*** Material provided ***

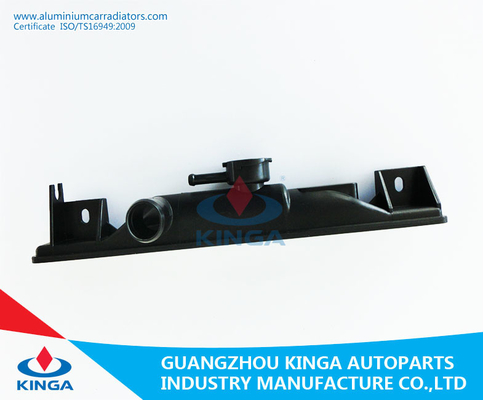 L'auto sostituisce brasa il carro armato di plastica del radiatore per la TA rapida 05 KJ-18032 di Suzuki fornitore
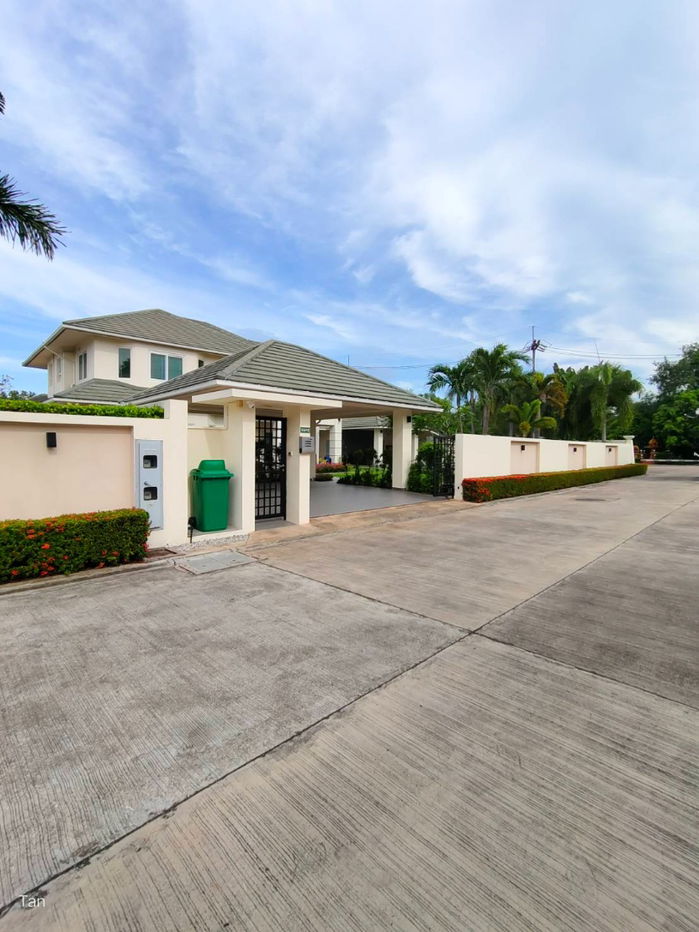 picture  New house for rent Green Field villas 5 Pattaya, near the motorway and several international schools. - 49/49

*** End of Material provided ***
*** Material provided ***

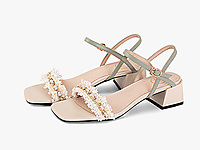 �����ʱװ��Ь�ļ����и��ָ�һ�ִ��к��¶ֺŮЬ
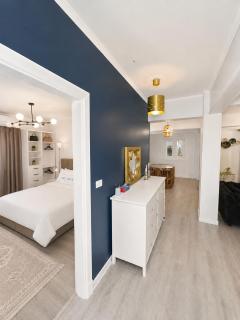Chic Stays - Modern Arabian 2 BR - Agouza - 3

*** End of Material provided ***

Task details:
Now transcribe the lines above exactly, starting at the line containing "L'auto sostituisce brasa" and ending at the line containing "schools. - 49/49", both lines included, pictures excluded.

Output of the exercise:
 L'auto sostituisce brasa il carro armato di plastica del radiatore per la TA rapida 05 KJ-18032 di Suzuki fornitore
 picture  New house for rent Green Field villas 5 Pattaya, near the motorway and several international schools. - 49/49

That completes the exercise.